A sumptuous and savory delight, these Eggplant Rolls offer a creamy, nutty filling and a tangy tomato sauce that perfectly complements the grilled eggplant. This dish is not just vegan-friendly, but also packed full of flavor and wholesome ingredients.
This recipe is Budget, Vegan, Dairy-Free, and Quick, with main ingredients being Eggplant and Vegan Cream Cheese.
Enjoy this as a main course or an appetizer, either way, the flavorful filling and rich sauce will have you coming back for more.
Eggplant Rolls Recipe
To truly savor these Eggplant Rolls, we recommend serving them warm, garnished with a drizzle of the tomato sauce and a sprinkle of fresh cilantro.
Filling
In a bowl, combine vegan cream cheese, minced garlic, minced walnuts, chopped cilantro, salt, and pepper. Mix well.
Eggplant
Grill the sliced eggplants on a pan with some olive oil until they’re tender.
Assembling the Rolls
Spread the cream cheese filling on each slice of grilled eggplant. Roll them up tightly.
Tomato Sauce
Sauté the diced onion and minced garlic, then add crushed tomatoes or puree and vegan cream cheese. Blend the mixture and season it with salt, pepper, and dry oregano.
Final Steps
Serve the eggplant rolls warm with a generous serving of tomato sauce.
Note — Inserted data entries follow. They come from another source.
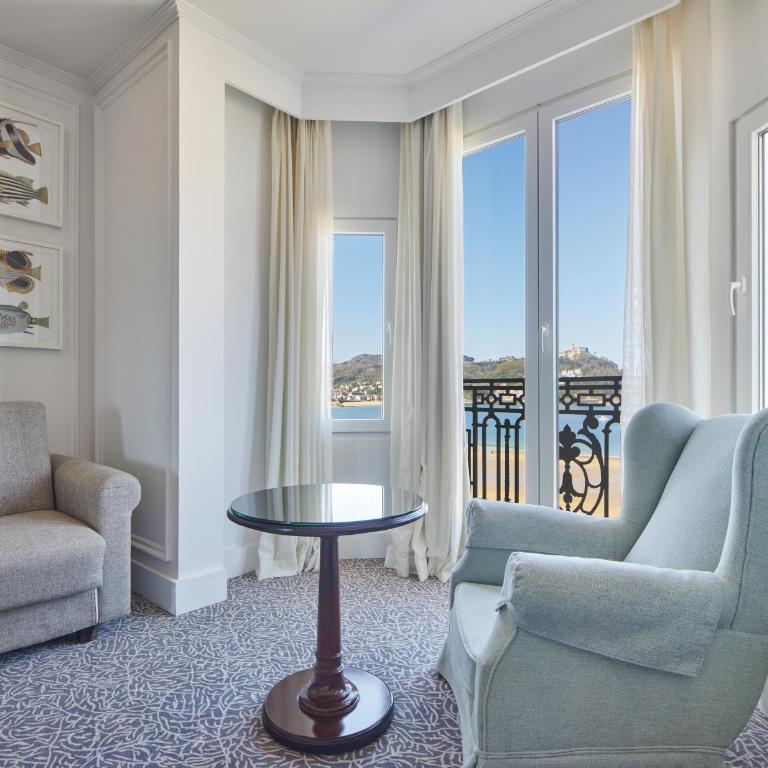 Hotel de Londres y de Inglaterra - Habitación Doble Clásica con vistas al mar - 1 o 2 camas - 3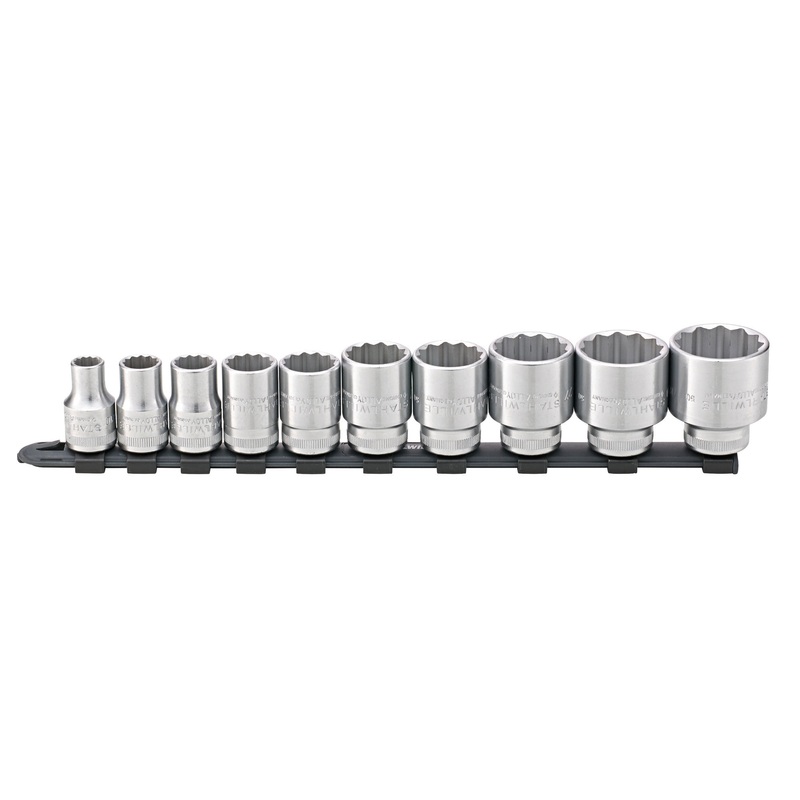 Stahlwille Set of 10 1/2 in Drive Socket with Clip Bar – ST 96053010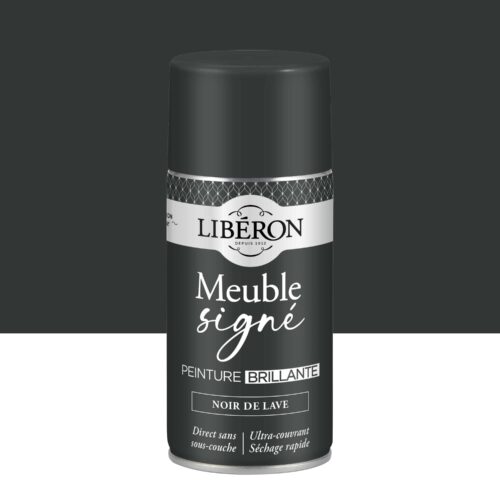 Photo de pack Libéron Meuble Signé Peinture Brillante Noir de Lave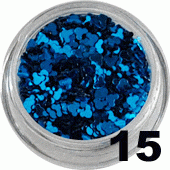 Ozdoba do paznokci Myszka Miki niebieska hologram w w pojemniczku 5ml - 15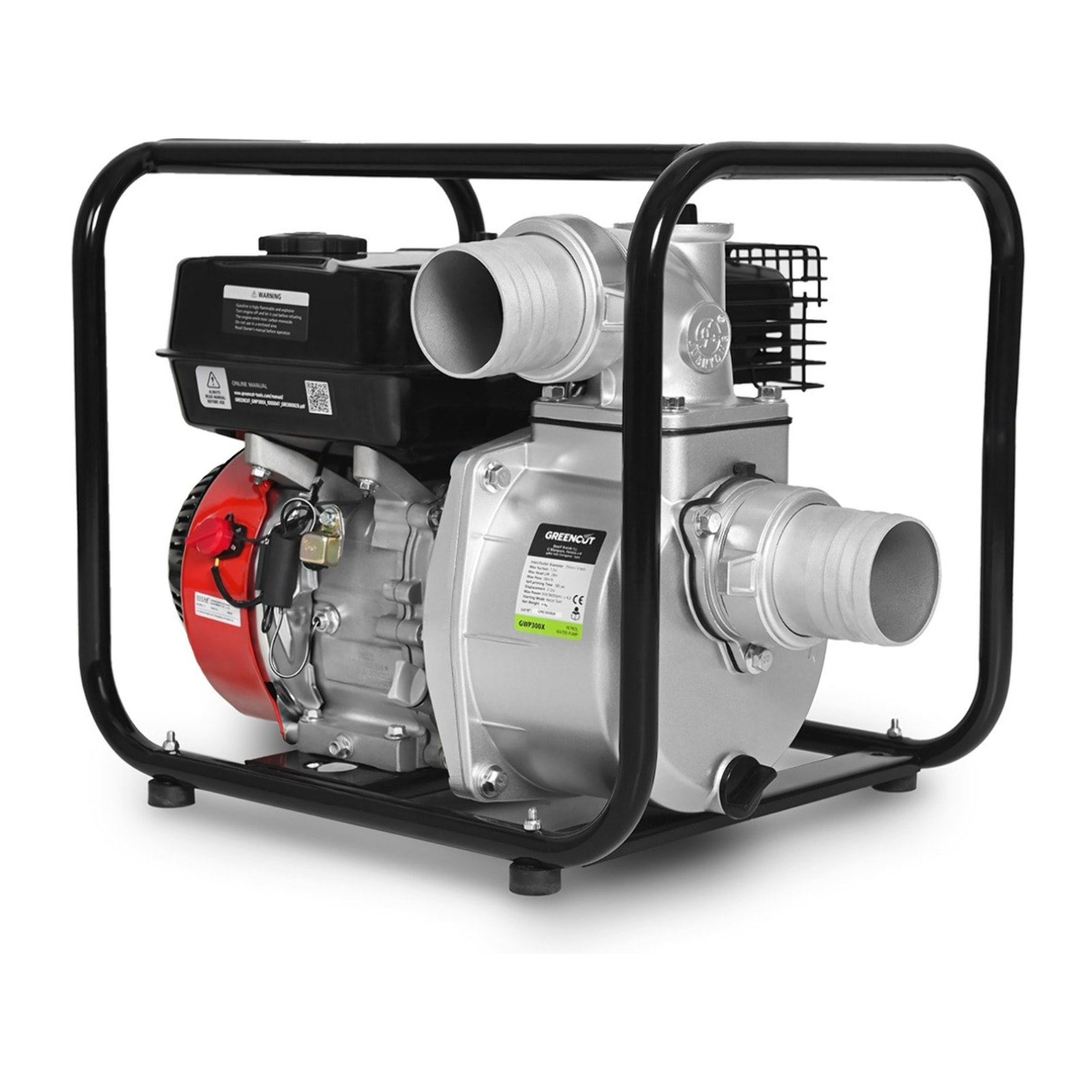 Motobomba para extraer y mover agua GWP300X, 212cc, 5,7cv, 5,5m3/h - 58m3/h - Greencut GWP300X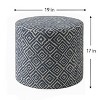 Wovenbyrd Hampton 19" Round Pouf Ottoman - 3 of 4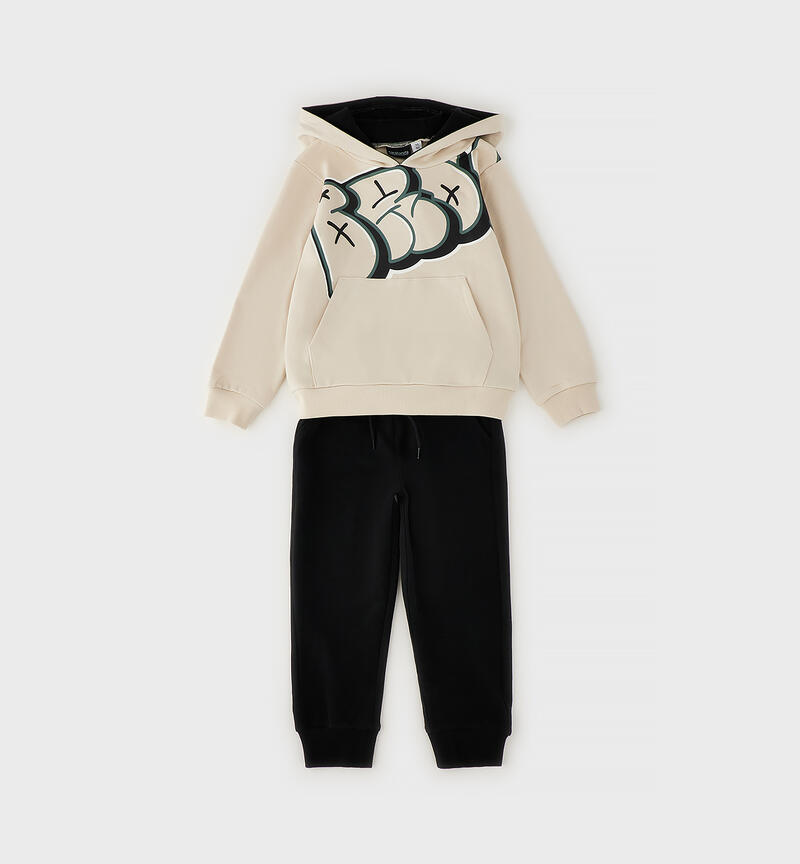 Completo due pezzi bambino ECRU'-0164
Eggplant Rolls with Creamy Walnut Filling and Tomato Sauce
Equipment
- Mixing bowls
- Frying pan
- Spatula
- Blender
Ingredients
- 2 eggplants sliced
- 1 cup vegan cream cheese
- 2 garlic cloves minced
- 1/2 cup walnuts minced
- Handful cilantro chopped
- Salt & pepper to taste
- For the Tomato Sauce:
- 1 onion diced
- 2 garlic cloves minced
- 1 cup crushed tomatoes or puree
- 1 tbsp vegan cream cheese
- Salt & pepper to taste
- 1 tsp dry oregano
Instructions
- Prepare the Filling: In a bowl, combine 1 cup vegan cream cheese, 2 minced garlic cloves, 1/2 cup minced walnuts, a handful of chopped cilantro, and season with salt & pepper. Mix well.
- Grill the Eggplant: On a pan with some olive oil, grill the slices of 2 eggplants until tender and slightly browned.
- Assemble the Rolls: Lay each grilled eggplant slice flat and spread a generous amount of the creamy filling. Roll them up tightly.
- Make the Tomato Sauce: In a separate pan, sauté 1 diced onion and 2 minced garlic cloves. Add 1 cup of crushed tomatoes or puree, and 1 tbsp of vegan cream cheese. Blend the sauce and season with salt, pepper, and 1 tsp of dry oregano.
- Serve: Place the eggplant rolls on a serving dish and pour the tomato sauce over them. Enjoy!
Notes
If walnuts are not to your liking, you can substitute them with pecans or almonds.
Fresh basil or parsley can also be used in place of cilantro for a different flavor profile.